Recently, Alison Bezzina, the Animal Welfare Commissioner sought to extend the animal welfare debate by challenging the need for milk consumption. She did this in her comments on World Milk Day (3 June) basing her arguments on what cows are made to endure in order to produce milk for human consumption. It was pointed out that access of the new born calves to that same milk which nature provides for their subsistence is diverted to human use!

Extending the argument further, it has been stated by many others that if the abattoir had glass walls none of us would ever eat meat again. The point made being is, to put it mildly, that the process to produce meat for our consumption causes a lot of unnecessary suffering to animals, which, if we are aware of, would put most of us off meat consumption permanently.
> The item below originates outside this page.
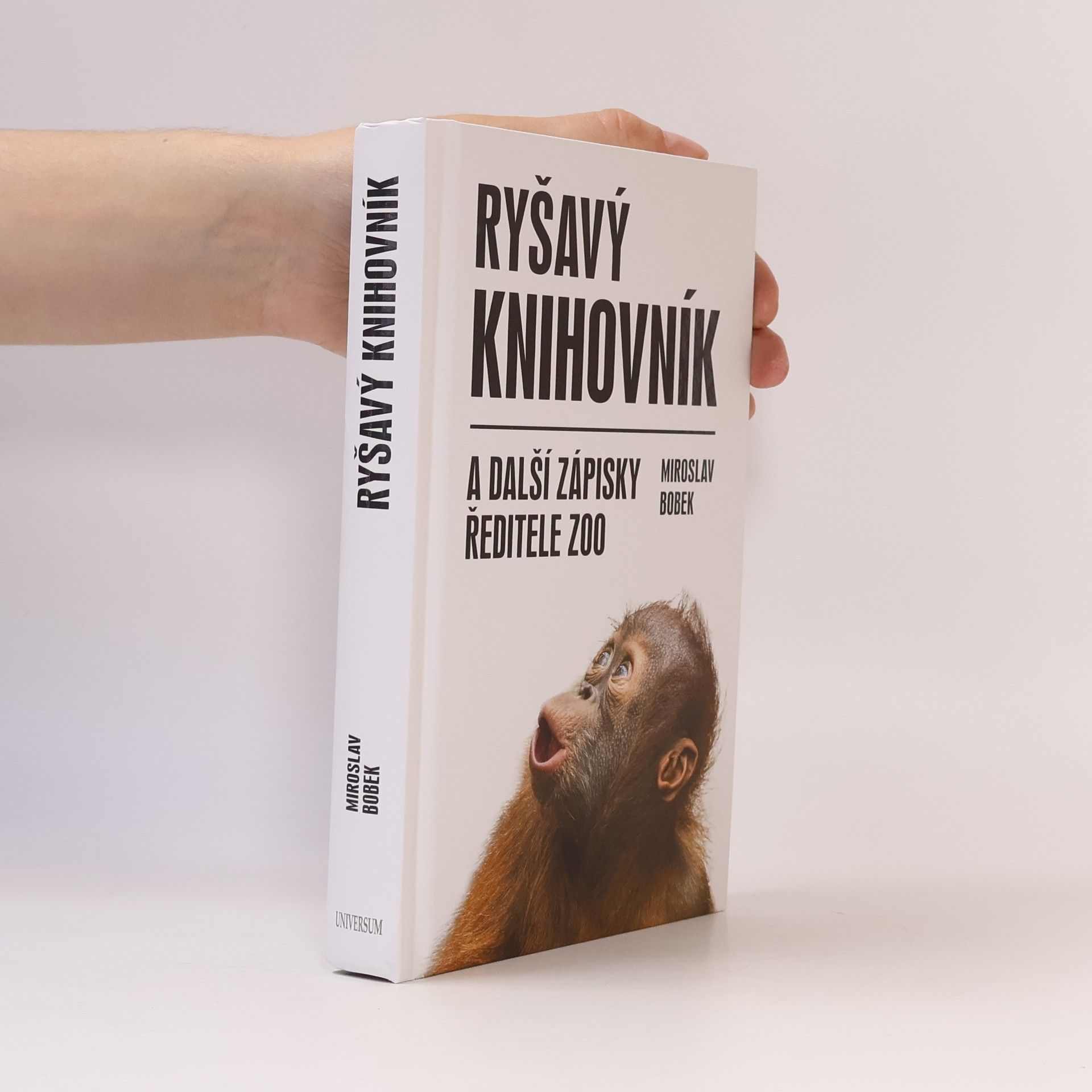 Miroslav Bobek Ryšavý knihovník a další zápisky ředitele zoo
Transparency at the abattoir and farm factories is essential in order to ascertain as to whether the basics of animal welfare standards are being adhered to!

From the farm to the fork there are many issues of animal welfare which are continuously ignored by one and all. Being aware as to what goes on behind the closed doors of farms and farm factories would undoubtedly force us to think carefully about our choices of food. Choices which, so far, we take for granted, as they are choices which we consider to be automatic ones and which we rarely think about.

The ethics of what we eat is a natural extension of the environmental debate. In fact, environmental justice and animal welfare are twins.

The number of those who do not eat meat as well as those who do not consume dairy products is on the increase on a global level. Their choices are based on environmental, animal welfare and ethical considerations.

Government penalises those who make ethical choices when it comes to food! This was emphasised recently in an interview by Darryl Grima, an environmentalist, vegan and End the Slaughter campaigner. It is about time that government does not penalise those making such choices. Darryl Grima refers to one example. Dairy milk is considered as food and is therefore not subject to value added tax (VAT). Its substitutes, however, plant-based milks, are still subject to VAT. This is unacceptable and should change.

Mahatma Gandhi used to emphasise that “the greatness of a nation and its moral progress can be judged by the way in which its animals are treated”.  This is food for thought: pun intended.